A tidy data set with columns 'time_scale', 'period_start_date' and 'period_end_date'.

initial_group

Character vector naming columns for defining the initial grouping used to compute the shortest time scales.

final_group

Character vector naming columns for defining the final grouping used to compute the longest of the shortest time scales.

get_implied_zeros

Add zeros that are implied by a '0' reported at a coarser timescale.

aggregate_if_unavailable

If a location is not reporting for the determined 'best timescale', but is reporting at a finer timescale, aggregate this finer timescale to the 'best timescale'.

Value

A data set only containing records with the optimal time scale.


Numbers of Days

Description

Compute a vector giving the number of days in a set of periods, given equal length vectors of the start date and end date of these periods. This

Usage

num_days(start_date, end_date)

num_days_util(start_date, end_date)

Arguments

start_date

Vector of period starting dates

end_date

Vector of period ending dates

Functions

  • num_days_util(): Low-level interface for 'num_days'.


Obtain period midpoints and average daily rates for count data

Description

Obtain period midpoints and average daily rates for count data

Usage

period_averager(
  data,
  count_col = "cases_this_period",
  start_col = "period_start_date",
  end_col = "period_end_date",
  norm_col = NULL,
  norm_const = 1e+05,
  keep_raw = TRUE,
  keep_cols = names(data)
)

Arguments

data

Data frame with rows at minimum containing period start and end dates and a count variable.

count_col

Character, name of count data column.

start_col

Character, name of start date column.

end_col

Character, name of end date column.

norm_col

Character, name of column giving data for normalization.

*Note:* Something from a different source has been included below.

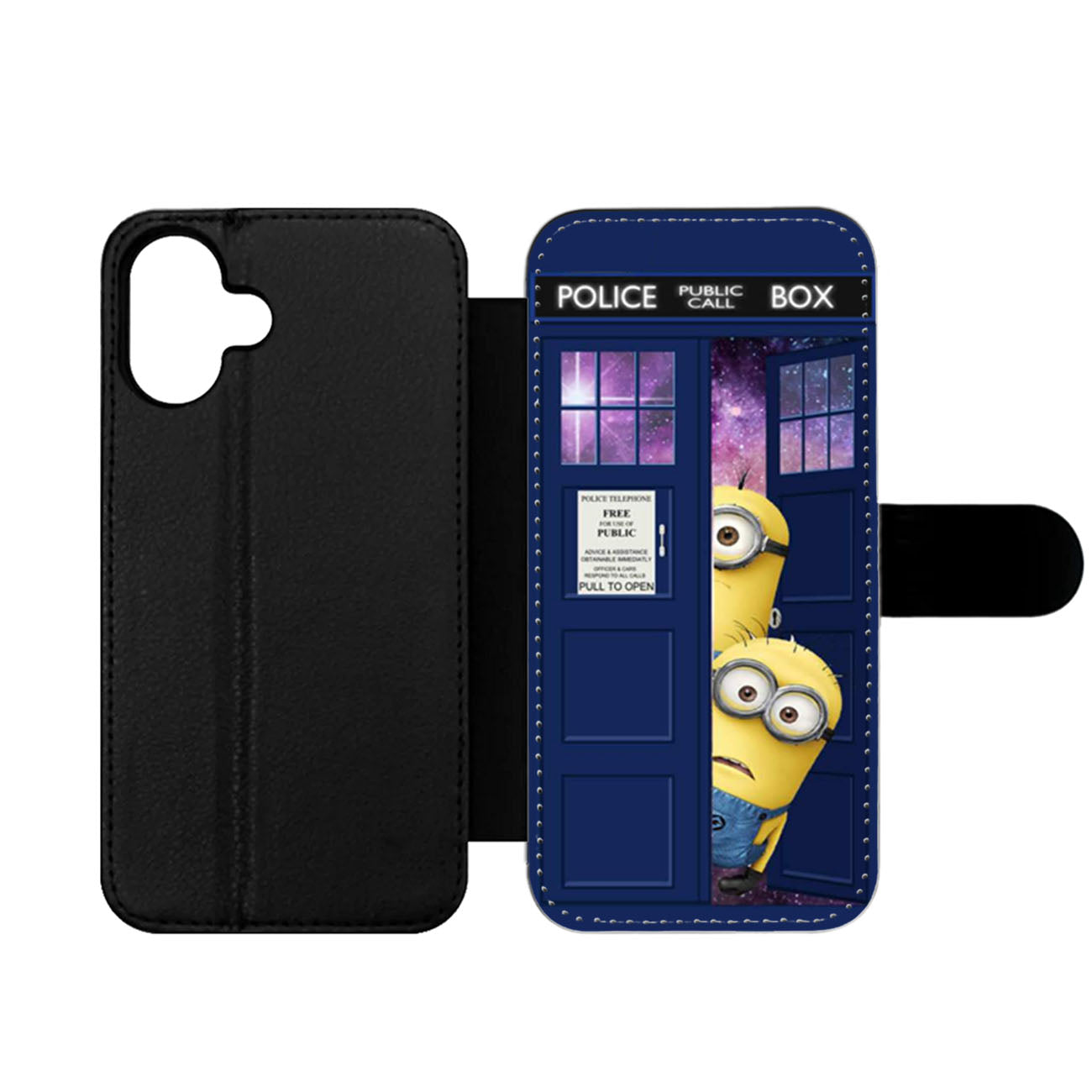 Despicable Me In Dr Who Tardis Call Box Galaxy Nebula Wallet iPhone Case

A good option is often population_reporting, which is a column in many datasets containing the total size of the reference population for the count data. To avoid normalization set norm_col to NULL, which is the default.

norm_const

Numeric value for multiplying the daily_rate column if a norm_col is supplied. By default this is 1e5, which corresponds to daily_rate having units of ⁠count per day per 100,000 individuals⁠ if the norm_col represents the reference population size.

keep_raw

Logical value indicating whether to force all ⁠*_col⁠ columns in the output, even if they are not specified in keep_cols, and to place them at the beginning of the columns list. The default is TRUE.

keep_cols

Character vector containing the names of columns in the input data to retain in the output. All columns are retained by default.

Value

Data frame containing the following fields.

  • Columns from the original dataset specified using keep_raw and keep_cols.

  • year : Year of the period_start_date.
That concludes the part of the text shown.